Topic: Algorithm design - SNRM slow decline (Read 1568 times)

Weaver · « **on:** September 23, 2022, 09:27:20 AM »

In many situations I have seen how SNRM, maybe especially downstream, goes down over a certain fairly long period, with increasing error rates, until either DLM kicks in and takes action because if the error rate, or the SNRM gets so low that the modem decides to give up, at a point depending on the modem.

Questions:

   1. what’s your experience of this problem?
   2. How long does it take to get down to the point of death - ie ridiculously low SNRM where it drops the link?
   3. Is upstream less vulnerable or is there no difference? (Although the target SNRM (ie initial) values may differ between up- and downstream.)

I’m wondering if I could look through the log file in my ZyXEL modem that is constantly written by the custom Mr Kitizen Johnson ZyXEL firmware that is installed and watch the downstream SNRM, or maybe up- and downstream, and try and detect any slow decline. I’m up for some guidance about the algorithm for this.

There’s a lot of data so it would perhaps not be good if I have to search through it all, and I’m wondering if I could get away with only looking at every nth sample. I’m assuming that I start from the latest time sample and go backwards in time, no? A couple of awkward things though. I only have 24 hrs worth of data, and that isn’t ideal.

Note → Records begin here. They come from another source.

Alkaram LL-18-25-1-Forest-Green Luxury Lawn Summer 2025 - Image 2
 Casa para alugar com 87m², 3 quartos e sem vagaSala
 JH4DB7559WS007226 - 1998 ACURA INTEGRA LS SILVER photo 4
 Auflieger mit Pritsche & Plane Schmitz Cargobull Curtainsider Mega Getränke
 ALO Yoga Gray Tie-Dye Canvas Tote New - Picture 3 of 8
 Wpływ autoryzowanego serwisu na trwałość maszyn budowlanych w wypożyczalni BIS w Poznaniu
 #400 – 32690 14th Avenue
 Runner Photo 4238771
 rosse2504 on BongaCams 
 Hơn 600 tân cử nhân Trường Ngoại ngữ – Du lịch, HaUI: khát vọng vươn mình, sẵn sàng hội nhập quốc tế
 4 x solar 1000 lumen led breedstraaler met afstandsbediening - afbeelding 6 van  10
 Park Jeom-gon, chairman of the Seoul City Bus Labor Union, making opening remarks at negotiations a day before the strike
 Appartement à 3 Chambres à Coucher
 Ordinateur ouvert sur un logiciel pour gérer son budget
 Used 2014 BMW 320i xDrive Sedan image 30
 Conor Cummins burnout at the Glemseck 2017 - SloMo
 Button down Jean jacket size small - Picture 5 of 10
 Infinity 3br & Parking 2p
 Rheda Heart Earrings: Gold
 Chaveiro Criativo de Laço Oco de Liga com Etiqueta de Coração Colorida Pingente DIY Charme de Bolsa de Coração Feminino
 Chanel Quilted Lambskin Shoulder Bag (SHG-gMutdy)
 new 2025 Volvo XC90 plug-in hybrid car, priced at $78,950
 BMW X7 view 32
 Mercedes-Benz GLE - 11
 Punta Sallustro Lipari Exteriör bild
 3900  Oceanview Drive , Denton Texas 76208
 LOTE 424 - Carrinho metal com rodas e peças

I would like to find the start of the downward slide, but it might be before the start of the data-set. I don’t know what the target SNRM values up/down are because although I do have config file information about this, it’s not necessarily up to date, and my code has to work in all circumstances, or else say honestly that it can’t make a determination, but must never deliver bogus error reports. Maybe it’s not the end of the world if the start point of a decline is ‘off the screen to the left’, so to speak. I think levels aren’t that important and it’s all about diagonal average slopes, averaged out over a very wide range.

Another tricky thing is that I need to deal with day-night variation. Perhaps a wide-enough range averaging process will do the job. Alternatively, linear regression, fitting the best straight line using the least-squares method would do the job. I wrote this kind of code, but much more sophisticated, as one of my first mainframe programs 42 years ago, but I can’t remember how to do it now.

It absolutely has to be a cheap fast algorithm, as this code is being written in iPadOS Shortcuts which is horribly slow, but arithmetic is cheap as that will be done by machine code in the runtime library and the only thing that matters as regards slowness is the number of lines of Shortcuts’ code we run through (the number of so-called ‘actions’). So loop count is everything.

I think that in certain situations we will need to apply a simple averaging noise filter that smoothes out all the random variation. We can’t apply this everywhere for reasons that will become clear below, and also we don’t want to do runs of two different averaging processes over the same data range, if we can help it, as it’s a waste of CPU time.

One more tricky things is that the code has to detect discontinuities - rising step functions. Sharp vertical jumps in the SNRM of a height greater than some value to be worked out are to be counted as resynchs if they are not spikes, that is there is an upward jump and no immediately following downward jump. We define that as a spike and classify it as very bad noise. We shouldn’t be having too many spikes like that or else we need to do something about our noise filtering. Also we are looking for a rising step function, and so we need to check that before and after the step, the derivative of the heavily smoothed data with short-interval averaging applied in a patch before and after the step has a really low value, so the function is nearly flat before and after the discontinuity. My line 2 upstream has a lot of steps in every day. The algorithm won’t work on upstream for this line.The presence of falling steps tells us to forget it. The value has to drop so that it can jump up again.Why this happens has been a mystery for a long time. Something to do with a noise source being switched on or off, or perhaps more likely is that something bad in that line is a noise detector which somehow gets disturbed and flicks between something like enabled and disabled or sensitive/insensitive states.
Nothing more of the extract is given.